Diversity in science
2 Jul 2012 by Evoluted New Media
Can good news also be disappointing? I think it can. Let me explain – The Royal Society has teamed up with the government to explore and promote diversity in the scientific workforce of the UK. Good news – no question about it – yet I am left feeling a pang of disappointment. And the reason is this: I’m disappointed to find that science needs encouragement, or even legislation, to make it as diverse an arena as it should be.
My time working in labs was the most wonderfully diverse time of my life. I had never before, or since, met such a wide range of people – and the science I was doing at the time benefitted hugely from it. Yet misty eyed nostalgia is clearly not enough to ensure that the next generation of scientists get all the opportunities they deserve – it is, I suppose, almost quaintly naïve to think that science recruitment can be ‘self-regulating’ in this way.
The project will focus on understanding the character and make-up of the scientific workforce, and ways to remove barriers to entry and progression with the aim of increasing diversity in both academia and industry.
What is slightly puzzling to me is that The Royal Society will also launch an 18-month study looking at the business case for diversity in the workforce. Yet, I can’t imagine any decision makers in science will be in doubt as to the business case. It may be interesting to see quantitative data suggesting by just how much a diverse workforce can benefit science, but this in many ways would be preaching to the converted. The best science can only be achieved when your recruitment policy is concerned with a candidates skills, not their socio-economic background – that, I think, is intuitive to most scientists.

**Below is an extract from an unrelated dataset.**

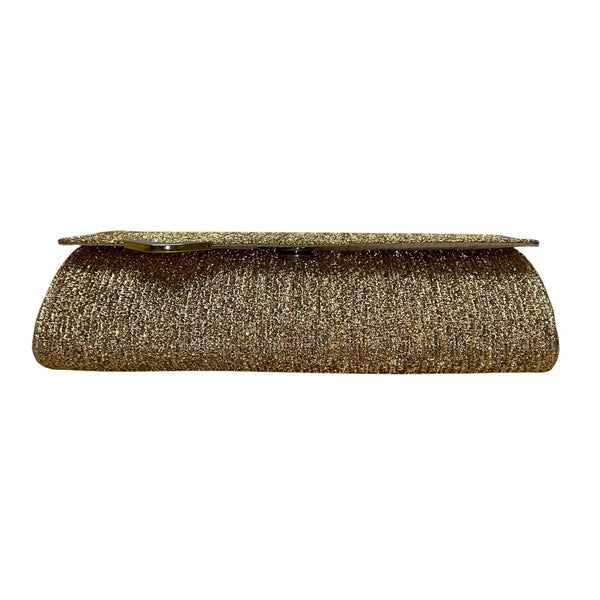 G. Castellari Gold Glitter With Metallic Accents Milano Evening Clutch Purse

What I am pleased about however is that later stages of the programme will very much be focused on practical measures, in which the Royal Society will trial a number of events, pilot studies and interventions with the aim of sharing good practice between disciplines and sectors. This I think is what is really needed. However willing the scientific ‘establishment’ is to encourage diversity – and they do seem to be – they need help and guidance as to how to actually put it into practice.